What’s the Difference Between a Vision and a Goal?

  • Goal: the object of a person’s ambition or effort; an aim or desired result.
  • Vision: the ability to think about or plan the future with imagination or wisdom.

Put another way:

  • Goal: a destination you want to reach. It has an end result. It is born on paper and dies when accomplished.
  • Vision: a life you want to live. Its end result is actually its starting point. It is born in your mind’s eye and dies when you die.

In other words, Goals are good, but Visions are Great. And the two are actually interwoven.

  • Visions are huge things that can only be measured by the accomplishment of Goals.
  • Goals are the stepping stones you need to take you toward your Vision.
  • Without Goals, you won’t make progress toward your Vision.
  • Without Vision, your Goals either won’t make sense, won’t motivate you enough to accomplish them, or will dry up after a time.
  • Vision is the WHY.
  • Goals are the HOW.

4 Drives that (Re)igniting Vision Produces

Vision weaves four things into the fabric of our DAILY experience. –Andy Stanley

1. Passion

A clear, focused vision actually allows us to experience ahead of time the emotions associated with our anticipated future.

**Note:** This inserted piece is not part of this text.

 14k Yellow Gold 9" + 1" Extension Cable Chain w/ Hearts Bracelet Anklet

My next Goal is passing TOPIK Level 4. When I think about that as a Goal alone, as an end in and of itself, the steps required to get me there seem long and dreary. But if I think beyond TOPIK 4, if I look at this as a step toward my Vision, then I get to mentally experience the exhilaration of passing TOPIK 4 early. And that energy spurns me on toward doing the mundane tasks required to get me there.

2. Motivation

The mundane begins to matter. The details, chores, and routines of life become a worthwhile means to a planned-for end.

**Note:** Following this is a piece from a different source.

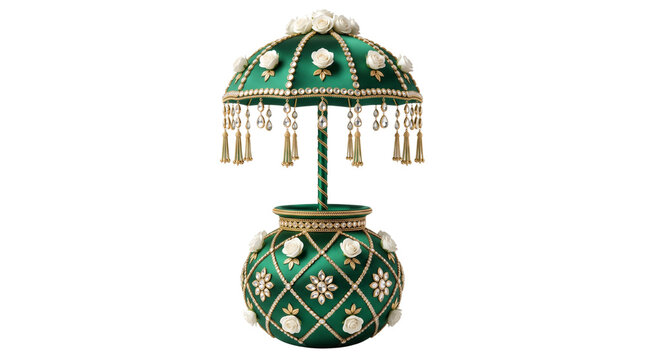 Ornate emerald green decorative umbrella pot, luxury vintage parasol with gold embroidery and pearls, regal Indian style wedding decor element isolated PNG with Transparent Background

Once the Vision is clear, the tasks become less burdensome and more joyous. I focus less on the hard work of vocabulary acquisition and more on the accumulation of a robust vocabulary. I focus less on the difficult-to-learn grammar rules and more on the ability to reproduce those grammar rules at will – on paper and in person. I focus less on the difficult-to-understand Korean conversations and computer text that surrounds me and more on what I can learn and accomplish by focusing on those things.

Suddenly, all the small and “stupid” things become exciting and adventurous things.

3. Direction

[Vision] serves as a road map… [It] simplifies decision making. Anything that moves us toward the realization of our vision gets a green light. Everything else is approached with caution.

Let’s say someone gives me an opportunity to teach more English. While this would be a good way to make more money, I’m not currently struggling financially, so I would approach this opportunity with caution. Not because I’m afraid of being “illegal” (I have the proper VISA for that kind of work), but because it would take away more time that could be used to further my Vision.

If my Vision is to NOT speak English at a career job, then any (extra) opportunity that FORCES me to speak ONLY English would be a detriment to my Vision. (Obviously, I’m not saying you should give up your day job – but perhaps you should pass up some of those side jobs and opportunities.)

4. Purpose

A vision gives you a reason to get up in the morning. If you don’t show up, something important won’t be accomplished. Suddenly, you matter…a lot! Without you, what could be – what should be – won’t be.

I am the key element in my Vision. If I don’t work hard, my Vision doesn’t get accomplished. If I don’t do the mundane tasks, I’ll stay stuck in the same Korean level for the foreseeable future.

I’m the VIP. I’m the President of this Company (of My Vision). I’m the Boss. I’m the Leader. I’m the Chief Worker. I’m the first to show up in the morning and the last to leave.

If I don’t manage my time well, then WE (My Vision Company) is going nowhere.

Ask yourself this: If you worked as hard at your Vision as at your day job, would you be promoted or fired? Do you manage your time and energy well?